The next steps that we have in preclinical development that we brought in this year that we're really excited about is TGF-beta for IPF. This deal was announced in June. We've already just finished off the dry powder inhalation formulation. We're about to put this into rat PK and PD. And that will tell us what the level going in the lung, levels going into plasma and how long half-life is. And then just as we believe all of our technology continues to show rapid lung levels with minimal systemic circulation. That's exactly where you want to see in this particular target because it has a known side effect profile and the systemic circulation that creates headaches for patients and really the [metered] dosing window. This agreement that we have with Thirona allows MannKind to exercise certain rights to seek a full license. We will know by then the cannabidiol Technosphere Phase I readout. So that will come up here in Q1. We'll be moving MNKD 201 in the tox studies roughly in Q2. And all this our estimated best guess today on what we know what we have coming. There's a lot of work to get done but -- and you ask why we are raising the money. It's because we looked out over 12 to 24 months, we could see the pipeline really starting to advance. And we can see the ability to scale at present now with all the safety data and efficacy data is published. We see opportunities to continue to grow this company more rapidly over the next couple of years than we have in the previous 5 years.

This data is excluding any new opportunities that may arise because of external collaboration. We've started working on a few formulations. Those are ramping up, and they may turn into additional collaboration deals in 2022. So lots of excitement on the pipeline, I want to share with you. And as we look at 2021 milestones to ramp up the year, I can't believe it's already November. It's absolutely crazy how past year has gone by but you can see, we had a very, very successful year. Obviously, we want to get a win on Tyvaso DPI for an approval. Unfortunately, we got a CRL that's not in our control, but I would say the team has done an amazing job getting the manufacturing process ready, the scalability ready.

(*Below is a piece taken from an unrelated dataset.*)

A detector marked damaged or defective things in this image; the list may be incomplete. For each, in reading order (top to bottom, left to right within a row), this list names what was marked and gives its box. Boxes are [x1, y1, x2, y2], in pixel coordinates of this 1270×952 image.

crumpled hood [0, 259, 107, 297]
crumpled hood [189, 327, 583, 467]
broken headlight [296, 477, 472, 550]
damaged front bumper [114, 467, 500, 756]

The United Therapeutics team did an amazing job on the clinical data and getting this filed in record time. So this isn't due to anyone's lack of effort and a lot of dry powder innovative products do struggle the first round. In this particular case, we had a clean approval in front of us. It got hung up on the technicality that (inaudible). But we are happy overall with the progress we've made in the company. MannKind is stronger today than it's ever been in the last 5 years, and our future is brighter than it's ever been with double-digit growth this week as far as we could see.

Thank you to everyone. We'll stop there, and we'll take questions.

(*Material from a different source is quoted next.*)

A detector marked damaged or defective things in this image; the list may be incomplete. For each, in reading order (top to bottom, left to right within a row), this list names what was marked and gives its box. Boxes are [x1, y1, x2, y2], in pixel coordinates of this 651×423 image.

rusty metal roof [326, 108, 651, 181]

(Operator Instructions) Our first question comes from the line of Gregory Renza from RBC Capital Markets.

This is (inaudible) on for Greg. Congrats on the progress – can you hear me? Operator, can you hear me?

Yes, ma’am, I can hear you.

I do apologize to our analysts and our shareholders as we are obviously experiencing technical difficulties from the start of the meeting. We'll give them one more minute. If you guys have any questions, we can answer.

Excuse me, presenters, could you hear me?

For our analysts who are on hold, I apologize, we cannot hear you, but we will take your calls and obviously get you ready for an update after this earnings call today. I apologize for the technical difficulties. That's why we started late, and there's obviously a challenge here. (inaudible) fire alarms to where we are. But thank you to everyone. I apologize for that. I know we have a retail shareholder meeting tomorrow. I look forward to that. Please any retail shareholders listening today, e-mail Rose or IR, if you want to join that meeting. And any questions, please put those in advance as we're going to try to go through the topics and organize that in an effective way. And hopefully, we don't have any issues here. Thank you for your time.

Thank you again for participating. This concludes today's conference call. You may now disconnect.